Alright — let’s walk through building a DIY Arduino Obstacle Avoiding Car step-by-step.
I’ll give you the parts list, wiring diagram explanation, Arduino code, and how it works so you can make it at home.
1. Parts You’ll Need
| Component | Quantity | Purpose |
|---|---|---|
| Arduino UNO (or Nano) | 1 | Main controller |
| Ultrasonic Sensor (HC-SR04) | 1 | Distance measurement |
| Servo Motor (SG90) | 1 | Rotates the sensor for scanning |
| L298N Motor Driver Module | 1 | Controls DC motors |
| DC Motors with Wheels | 2–4 | Movement |
| Caster wheel | 1 | Support |
| Chassis (DIY or ready-made) | 1 | Body frame |
| Jumper wires | — | Connections |
| Battery pack (6V–12V) | 1 | Power supply |
2. Wiring Connections
Ultrasonic Sensor (HC-SR04) → Arduino
- VCC → 5V
- GND → GND
- TRIG → D9
- ECHO → D10
Servo Motor → Arduino
- Signal → D11
- VCC → 5V
- GND → GND
L298N Motor Driver → Arduino
- IN1 → D2
- IN2 → D3
- IN3 → D4
- IN4 → D5
- ENA → 5V (or PWM pin if speed control)
- ENB → 5V
- Motor A → Left motor
- Motor B → Right motor
- L298N VCC → Battery + (6–12V)
- L298N GND → Battery – & Arduino GND
3. Arduino Code
#include <Servo.h>
Servo myServo;
#define trigPin 9
#define echoPin 10
#define servoPin 11
#define IN1 2
#define IN2 3
#define IN3 4
#define IN4 5
long distance;
long duration;
void setup() {
Serial.begin(9600);
myServo.attach(servoPin);
pinMode(trigPin, OUTPUT);
pinMode(echoPin, INPUT);
pinMode(IN1, OUTPUT);
pinMode(IN2, OUTPUT);
pinMode(IN3, OUTPUT);
pinMode(IN4, OUTPUT);
}
long getDistance() {
digitalWrite(trigPin, LOW);
delayMicroseconds(2);
digitalWrite(trigPin, HIGH);
delayMicroseconds(10);
digitalWrite(trigPin, LOW);
duration = pulseIn(echoPin, HIGH);
return duration * 0.034 / 2; // Convert to cm
}
void forward() {
digitalWrite(IN1, HIGH);
digitalWrite(IN2, LOW);
digitalWrite(IN3, HIGH);
digitalWrite(IN4, LOW);
}
void backward() {
digitalWrite(IN1, LOW);
digitalWrite(IN2, HIGH);
digitalWrite(IN3, LOW);
digitalWrite(IN4, HIGH);
}
void left() {
digitalWrite(IN1, LOW);
digitalWrite(IN2, HIGH);
digitalWrite(IN3, HIGH);
digitalWrite(IN4, LOW);
}
void right() {
digitalWrite(IN1, HIGH);
digitalWrite(IN2, LOW);
digitalWrite(IN3, LOW);
digitalWrite(IN4, HIGH);
}
void stopCar() {
digitalWrite(IN1, LOW);
digitalWrite(IN2, LOW);
digitalWrite(IN3, LOW);
digitalWrite(IN4, LOW);
}
void loop() {
myServo.write(90); // Forward facing
delay(200);
distance = getDistance();
if (distance > 20) {
forward();
} else {
stopCar();
delay(300);
myServo.write(0); // Scan left
delay(500);
long leftDist = getDistance();
myServo.write(180); // Scan right
delay(500);
long rightDist = getDistance();
myServo.write(90); // Reset center
if (leftDist > rightDist) {
left();
delay(500);
} else {
right();
delay(500);
}
}
}
4. How It Works
- The servo motor rotates the ultrasonic sensor to scan front, left, and right.

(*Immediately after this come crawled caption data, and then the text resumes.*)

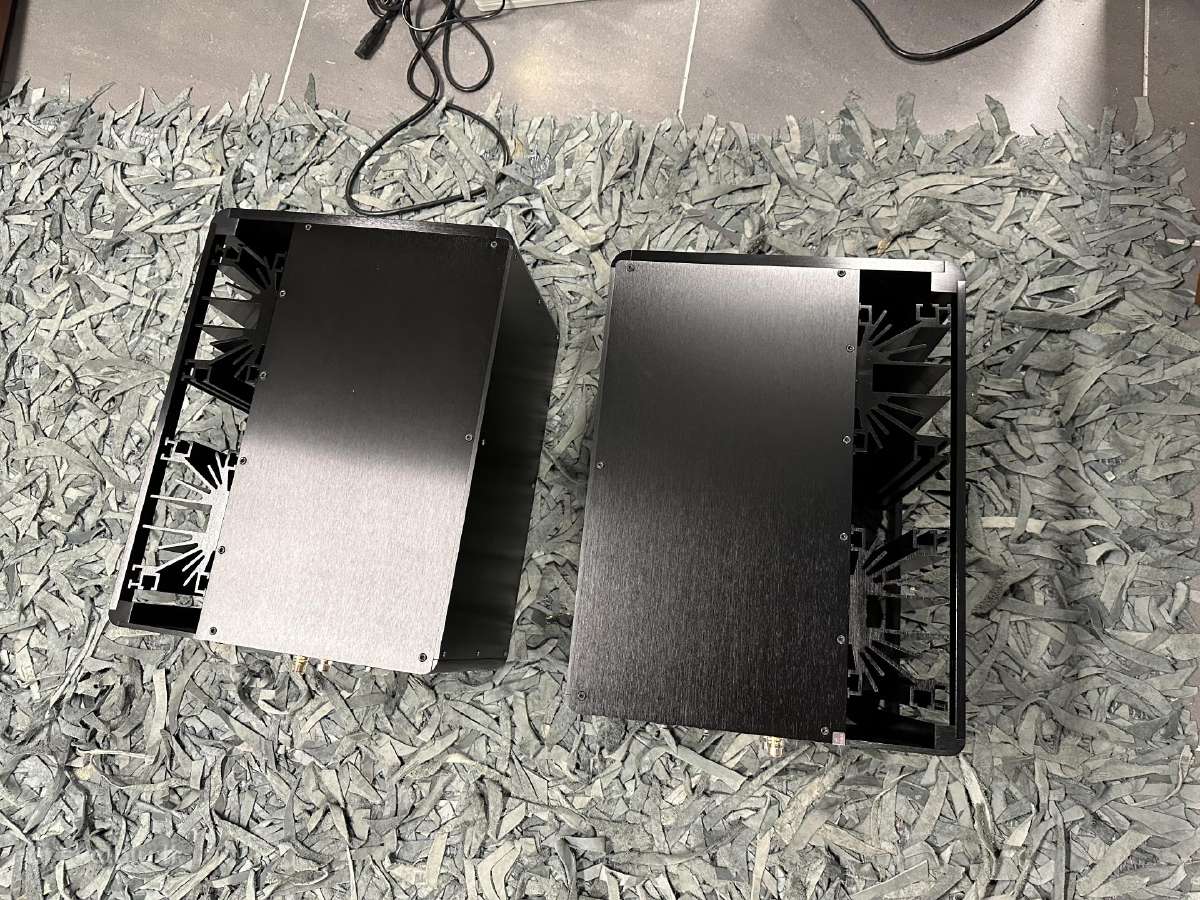 Audio-gd R-28 Mk3 Discrete R2r Dac / Preamplifier - nuotraukos Nr. 13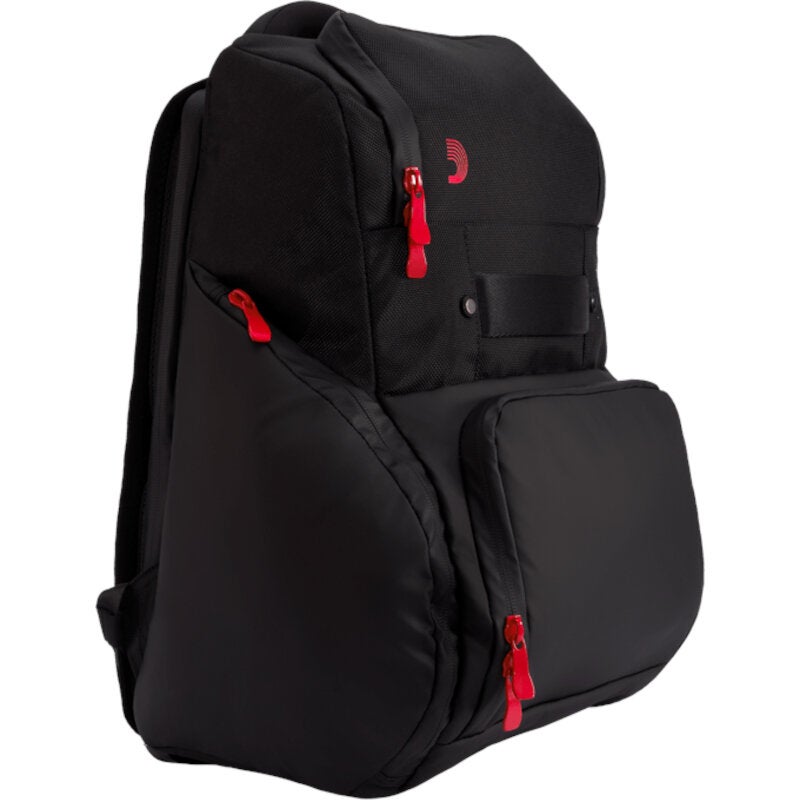 D'Addario Backline Gear Transport Pack Solo Musician's Accessories Backpack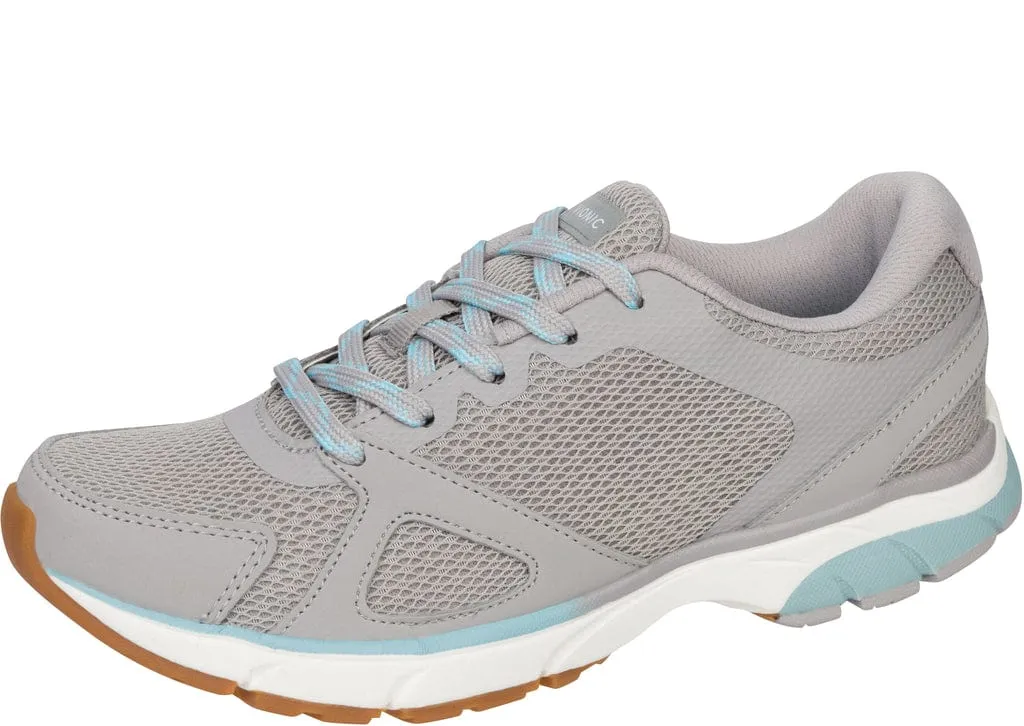 Vionic Women's Tokyo Sneakers- Light Grey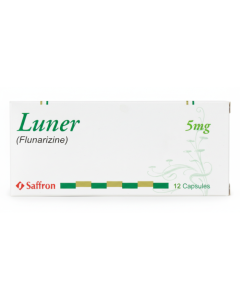 Luner 5mg Capsules (12s)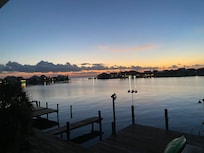 Sunrise on July 13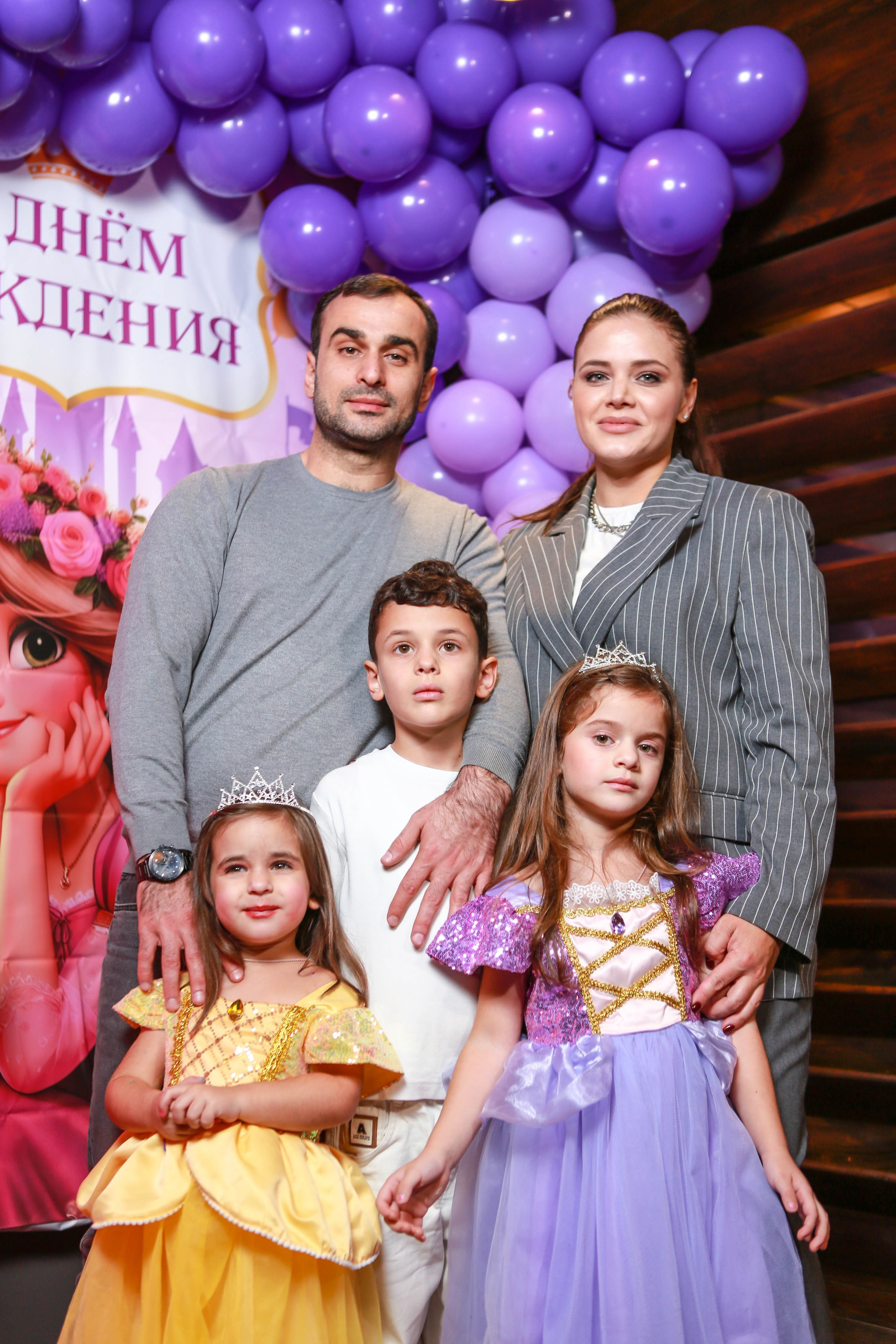 День рождение в ресторане «Бисквит». Отзывы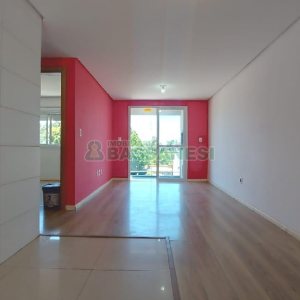 Apartamento com 53m², 2 dormitórios, 4 vagas, no bairro Desvio Rizzo em Caxias do Sul para Comprar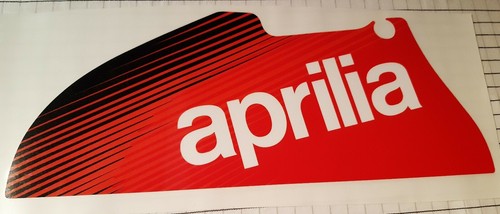 Aprilia tuono racing adesivi - aprilia,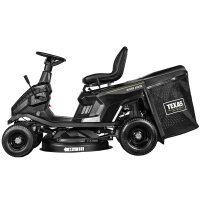 TEXAS Aufsitzmäher Aufsitzrasenmäher Rasentraktor Rider 6500E 224cm³ 6,12PS 65cm
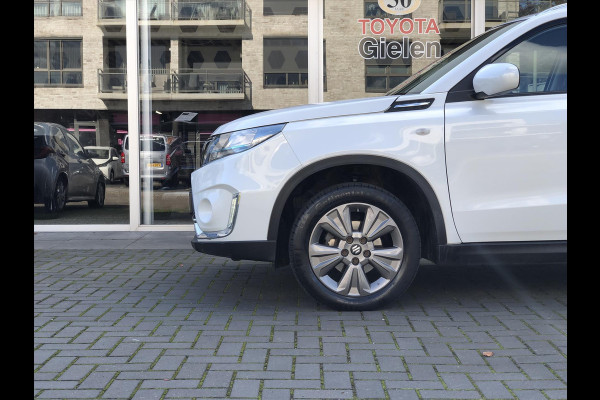 Suzuki Vitara 1.4 Boosterjet Smart Hybrid Select | 1.500KG Trekgewicht, Adaptive Cruise control, Stoelverwarming, Apple CarPlay/Android Auto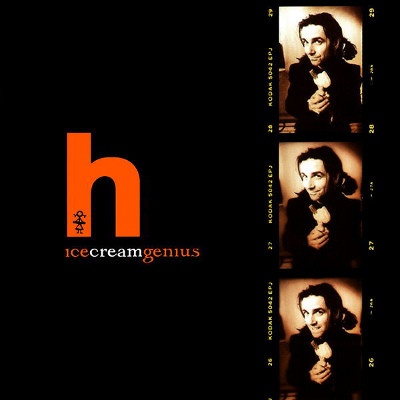 HOGARTH Steve - ICE CREAM GENIUS CD
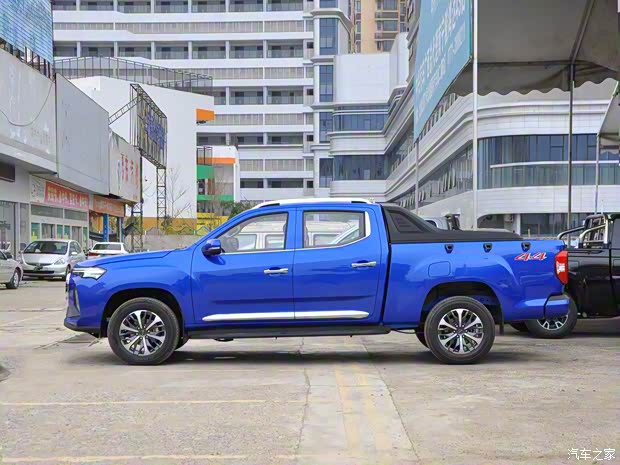 上汽大通 上汽大通MAXUS T90 2021款 基本型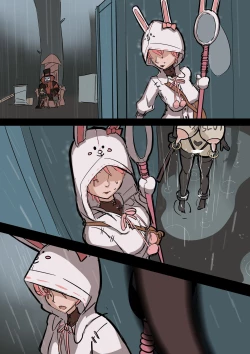 Page 11 of 黄花鱼罐头（Canned yellow croaker）【免费委托】没人能逃得掉…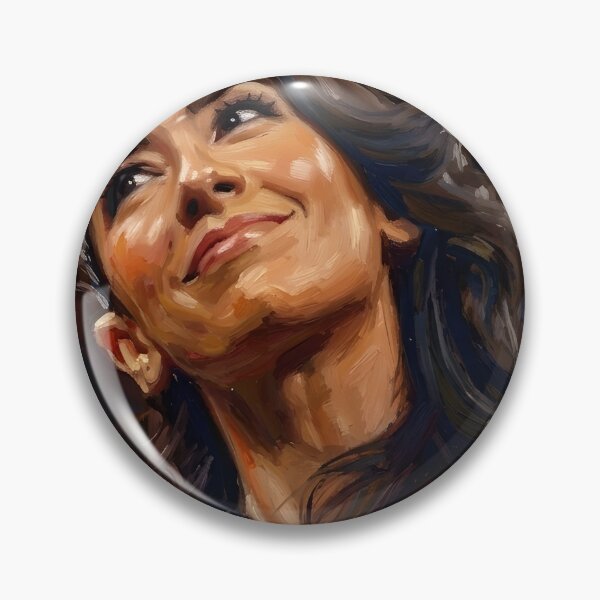 Item preview, Aj Lee Oil Painting designed and sold by maretsad.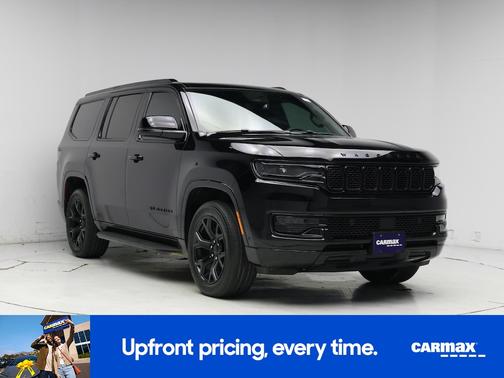 2023 Jeep Wagoneer Series II Carbide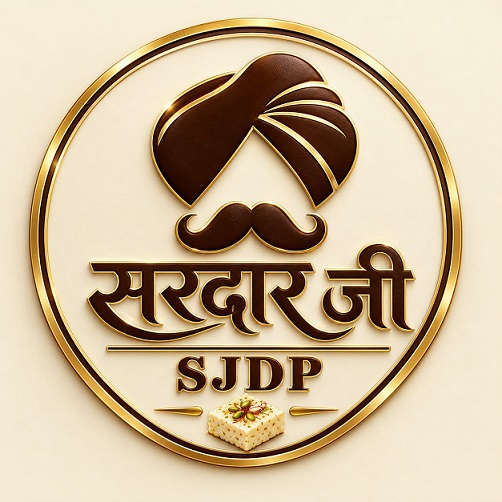 SARDAR JI SJDP trademark artwork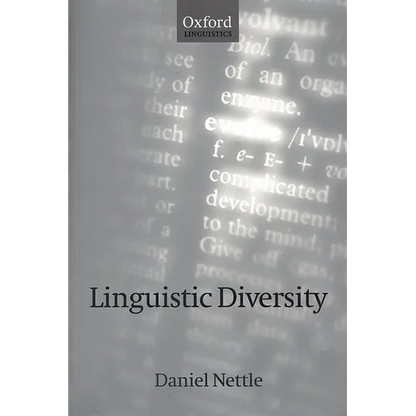 Linguistic Diversity - Hardcover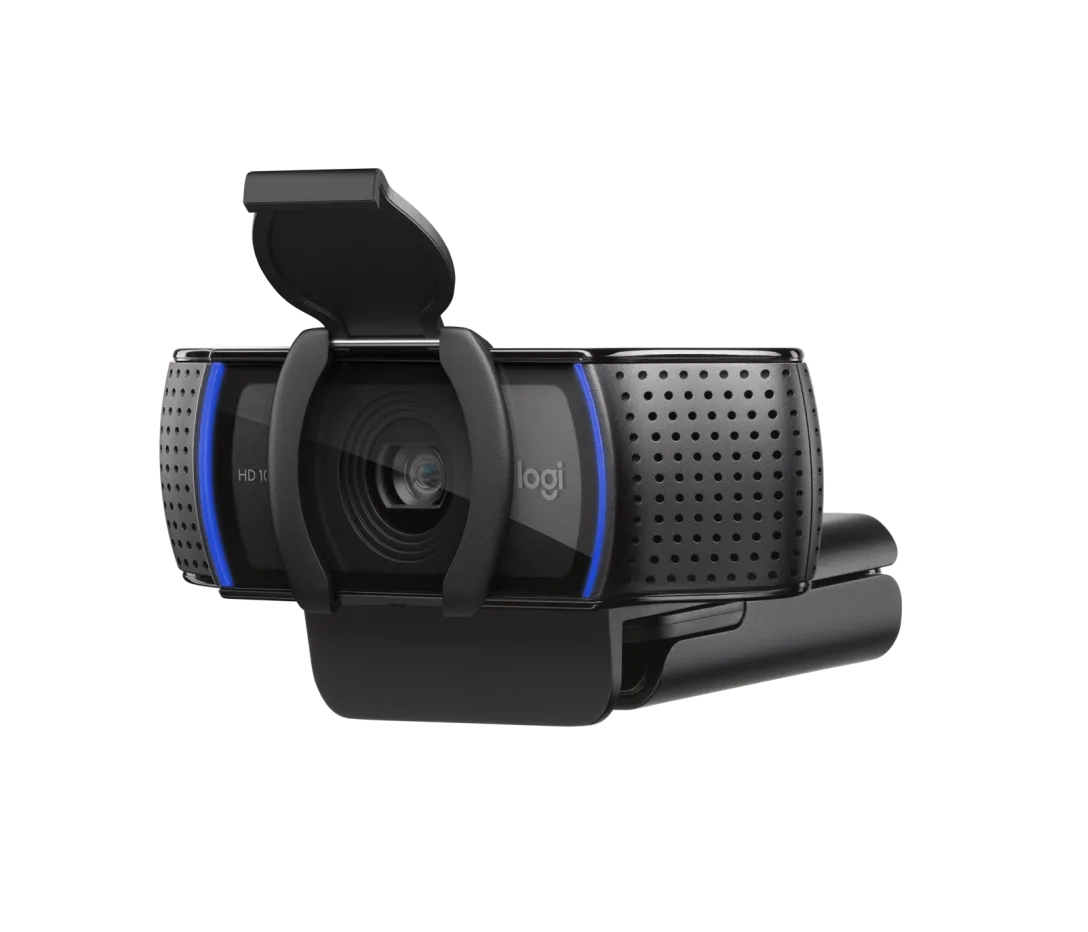 LOGITECH HD WEBCAM C920S PRO 960-001252 thumbnail 4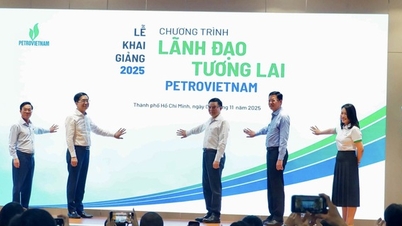 Petrovietnam spouští svůj program budoucího vedení.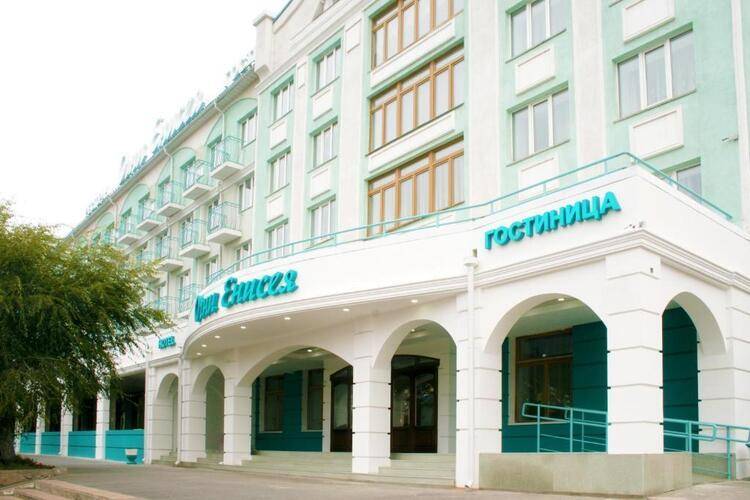 Гостиница Огни Енисея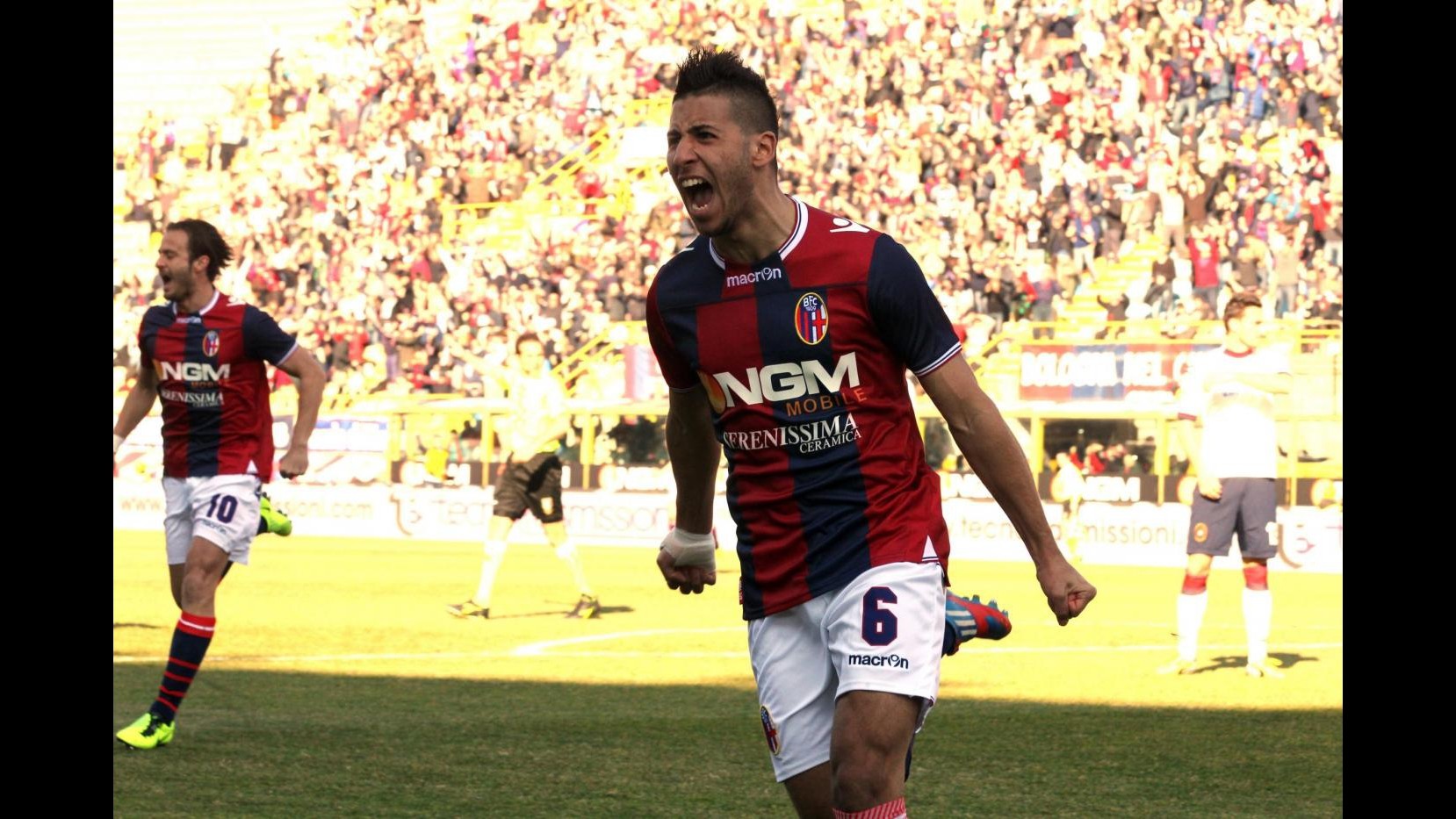Calcio, Taider: Priorità del Bologna finire bene la stagione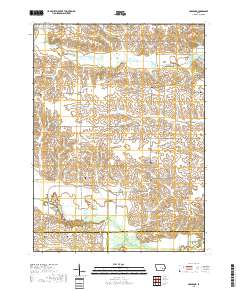 Holbrook 2018 topographic map thumbnail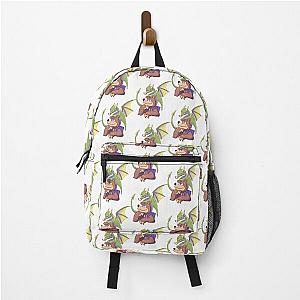 Banjo -n Kazooie  Backpack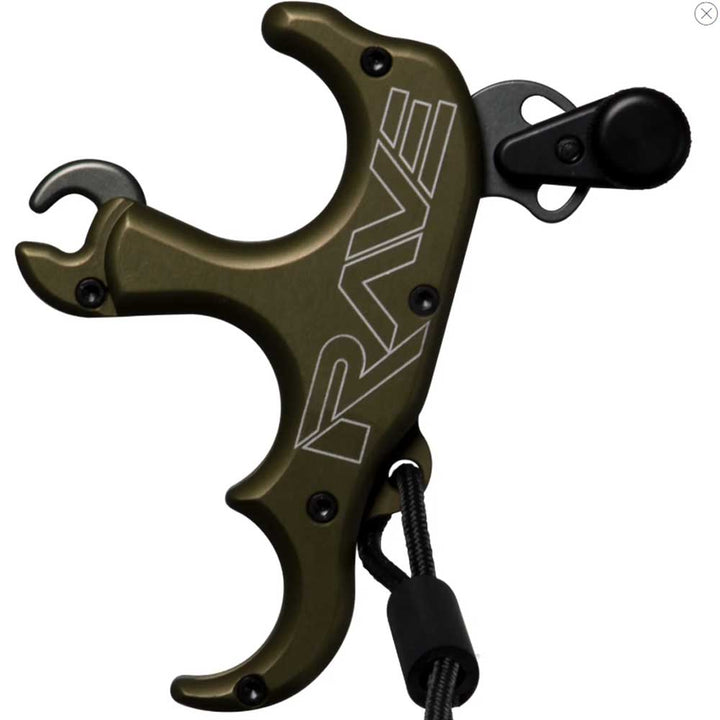 TRU Ball Tactical Rave Release 3 Finger Design
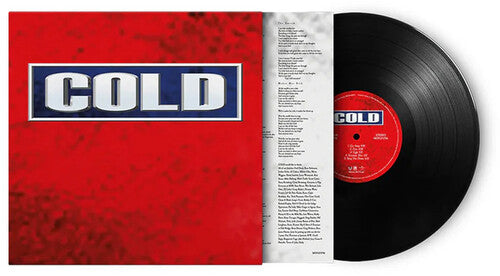 Cold: Cold - 180-Gram Black Vinyl ( LP )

- The Arduino measures distances using the HC-SR04 sensor.
- If the path is clear, the car moves forward.
- If there’s an obstacle, it stops, looks left and right, then chooses the side with more space.
- Motor driver powers the DC motors based on Arduino signals.
5. Tips
- Use a rechargeable Li-ion battery for better performance.
- Reduce servo movement delays for faster reaction.
- Add LEDs to indicate movement direction for fun.